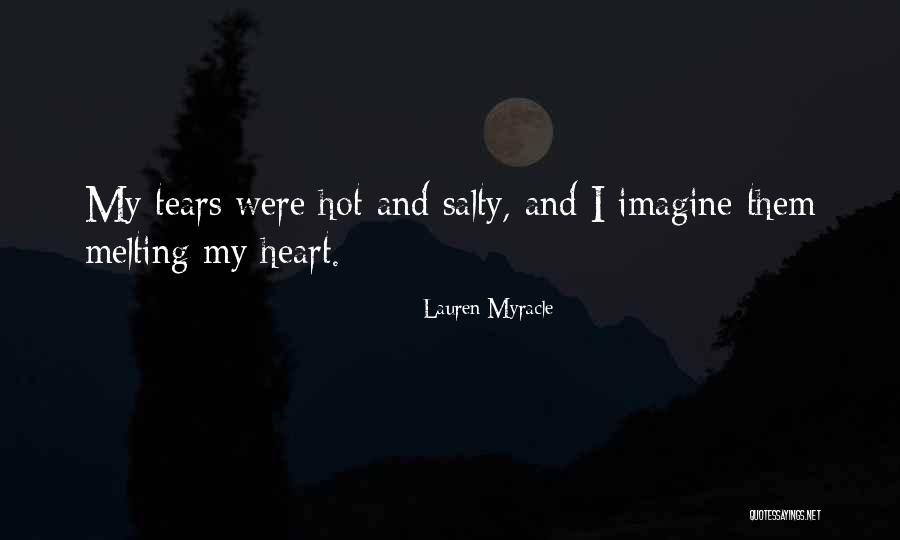 Melting My Heart Quotes By Lauren Myracle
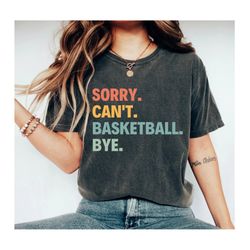 funny basketball player shirt basketball coach shirt basketball gift for basketball coach basketball shirt unisex basket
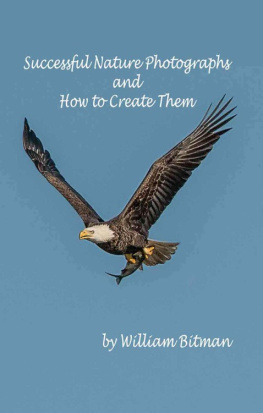 Bitman William. - Successful Nature Photographs and How To Create Them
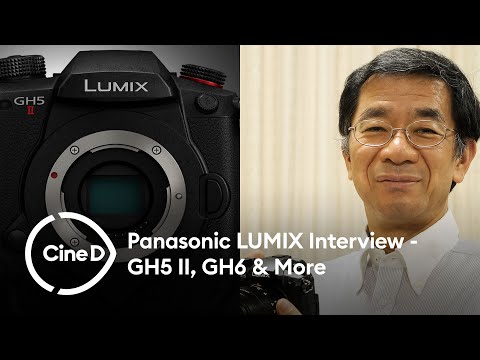 Panasonic LUMIX Discussed – An Interview About The GH5 II, GH6, and More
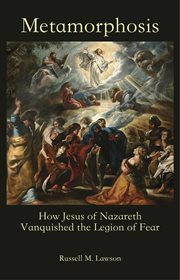 Metamorphosis : how Jesus of Nazareth vanquished the Legion of Fear cover image
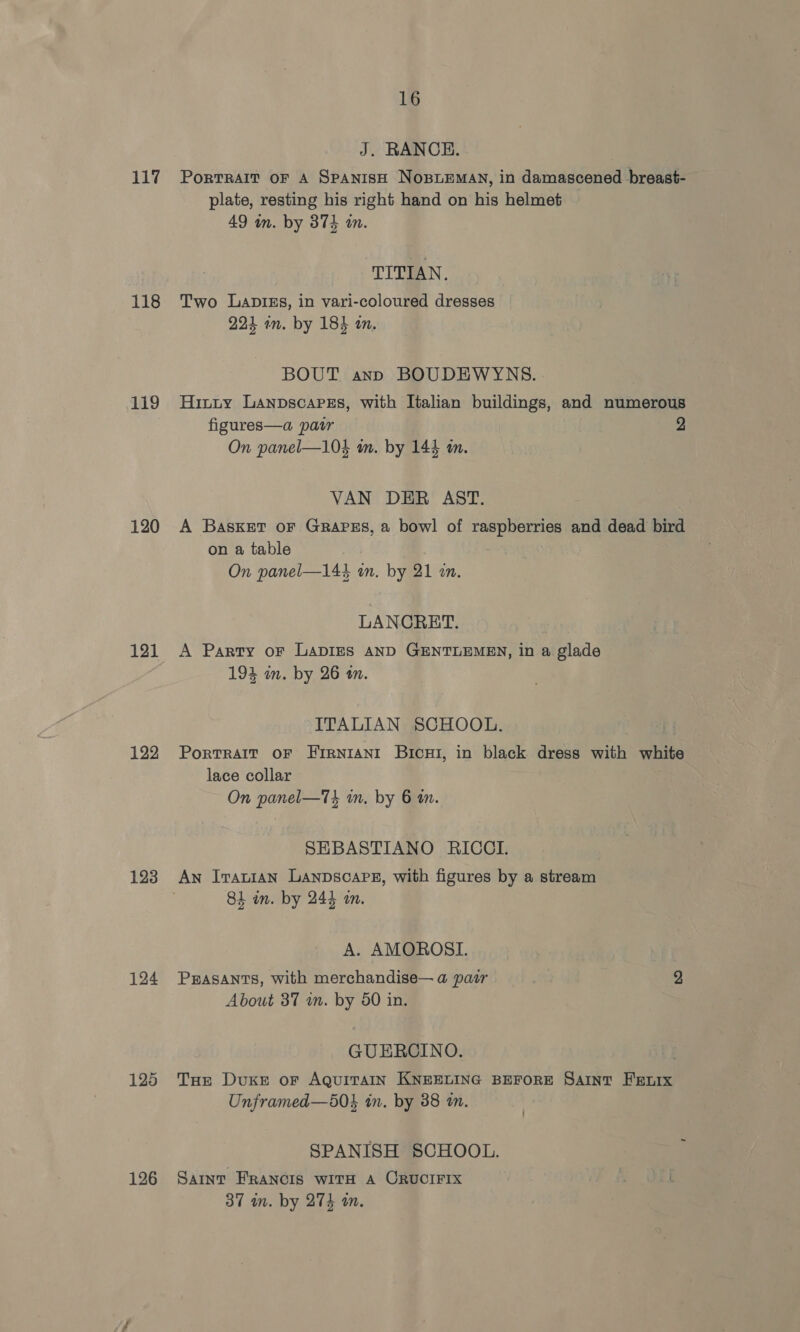 118 119 120 121 122 123 124 126 16 J. RANCH. plate, resting his right hand on his helmet 49 wm. by 374 wm. TITIAN. Two Lapis, in vari-coloured dresses 224 in. by 184 an. BOUT ann BOUDEWYNS. Hinty Lanpscapes, with Italian buildings, and numerous figures—a patr 2 On panel—104 m. by 143 m. VAN DER AST. A Basket oF GRAPES, a bowl of raspberries and dead bird on a table On panel—14% in. by 21 zn. LANCRET. A Party oF LADIES AND GENTLEMEN, in a glade 19% in. by 26 a. ITALIAN SCHOOL. PorTRAIT OF FIRNIANI Bicu1, in black dress with white lace collar On panel—T4 in, by 6 in. SEBASTIANO RICCI. An Iratian Lanpscare, with figures by a stream 84 in. by 244 in. A. AMOROSI. PEASANTS, with merchandise— a pair } About 37 wm. by 50 in. GUERCINO. THe Duke oF AQUITAIN KNEELING BEFORE SAINT Fenix Unframed—50$ in. by 38 am. SPANISH SCHOOL. SAINT FRANCIS WITH A ORUCIFIX . ( 37 mm. by 274 m.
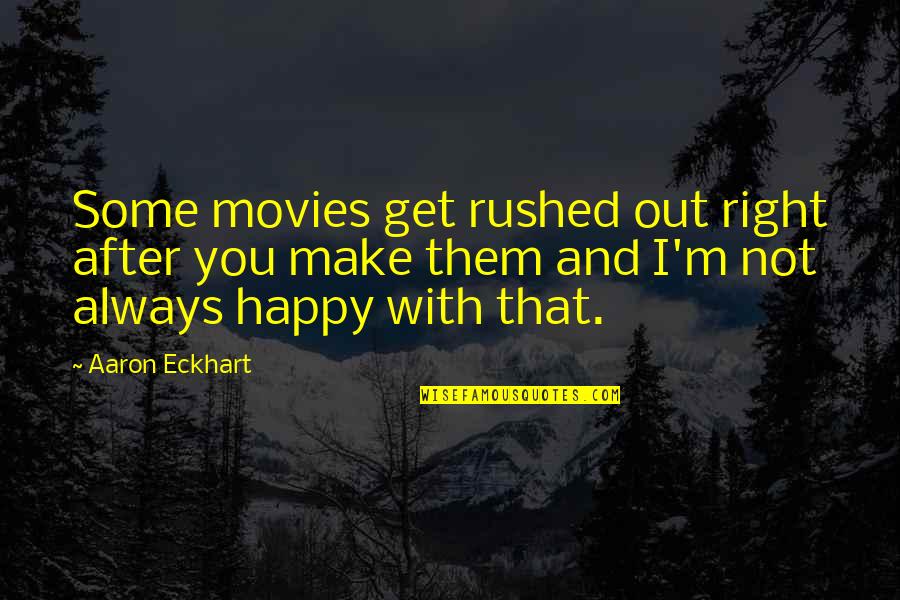 I'm After You Quotes By Aaron Eckhart: Some movies get rushed out right after you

------------------------------------

● **Exercise**
Your task is to restate every record word for word. Omit all pictures.

● **Result below**
 Melting My Heart Quotes By Lauren Myracle
 funny basketball player shirt basketball coach shirt basketball gift for basketball coach basketball shirt unisex basket
 Bitman William. - Successful Nature Photographs and How To Create Them
 Panasonic LUMIX Discussed – An Interview About The GH5 II, GH6, and More
 Metamorphosis : how Jesus of Nazareth vanquished the Legion of Fear cover image
 118 119 120 121 122 123 124 126 16 J. RANCH. plate, resting his right hand on his helmet 49 wm. by 374 wm. TITIAN. Two Lapis, in vari-coloured dresses 224 in. by 184 an. BOUT ann BOUDEWYNS. Hinty Lanpscapes, with Italian buildings, and numerous figures—a patr 2 On panel—104 m. by 143 m. VAN DER AST. A Basket oF GRAPES, a bowl of raspberries and dead bird on a table On panel—14% in. by 21 zn. LANCRET. A Party oF LADIES AND GENTLEMEN, in a glade 19% in. by 26 a. ITALIAN SCHOOL. PorTRAIT OF FIRNIANI Bicu1, in black dress with white lace collar On panel—T4 in, by 6 in. SEBASTIANO RICCI. An Iratian Lanpscare, with figures by a stream 84 in. by 244 in. A. AMOROSI. PEASANTS, with merchandise— a pair } About 37 wm. by 50 in. GUERCINO. THe Duke oF AQUITAIN KNEELING BEFORE SAINT Fenix Unframed—50$ in. by 38 am. SPANISH SCHOOL. SAINT FRANCIS WITH A ORUCIFIX . ( 37 mm. by 274 m.
 I'm After You Quotes By Aaron Eckhart: Some movies get rushed out right after you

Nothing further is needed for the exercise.